# Help in finding flat/villa for a Indian family!



## jayv (Aug 3, 2016)

Hi,

I would be relocating to Abu dhabi in a couple of months with my family. 

Can you pls suggest the areas which has nice flats/villa (children play area, swimming pool etc.) with a budget range of 50 - 70K? And, close to any Abu Dhabi Indian school... 

How far the grocery stores are spread out across AD? 

Thnx!


----------



## Stevesolar (Dec 21, 2012)

Hi,
How many rooms/bedrooms are you looking for?
Cheers
Steve


----------



## Racing_Goats (Sep 5, 2015)

I would enquire to the schools first to see which have spaces/can likely accept your kids this year and then search for property in nearby areas - a lot of the older city center areas are cheaper than they used to be and some buildings have pools on the roof, for example Tourist Club, Mushrif, and out of the city there's Mussafah and Mohamed bin zayed city,, but I don't know where Indian schools are (definitely a few in MBZ area).
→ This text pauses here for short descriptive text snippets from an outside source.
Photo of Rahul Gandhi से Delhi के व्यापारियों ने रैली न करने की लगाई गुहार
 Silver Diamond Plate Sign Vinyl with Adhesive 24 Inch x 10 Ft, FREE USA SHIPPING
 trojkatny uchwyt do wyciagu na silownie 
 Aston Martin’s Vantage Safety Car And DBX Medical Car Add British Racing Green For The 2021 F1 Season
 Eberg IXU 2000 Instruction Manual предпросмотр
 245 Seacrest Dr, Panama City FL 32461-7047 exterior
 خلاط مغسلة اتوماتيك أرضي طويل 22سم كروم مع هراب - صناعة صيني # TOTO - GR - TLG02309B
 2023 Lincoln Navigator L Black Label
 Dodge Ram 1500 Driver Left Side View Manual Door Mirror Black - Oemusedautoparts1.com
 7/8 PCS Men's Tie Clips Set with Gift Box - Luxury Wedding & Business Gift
In the city you'll find grocery stores on most blocks, out of town can vary a lot.

Good luck


----------



## jayv (Aug 3, 2016)

@Stevesolar, I am looking for 1 BDR with a big hall..

@Racing_Goats, thanks for your suggestions! Sorry that I didn't quote my kids age, my first one is 3 years and the 2nd one is just 6 months old, so I do not need to worry about the main stream school for now. It's just to be on the safer side while I look for the flat, so that it would be easier for me when I admit my first one in the school next year.


----------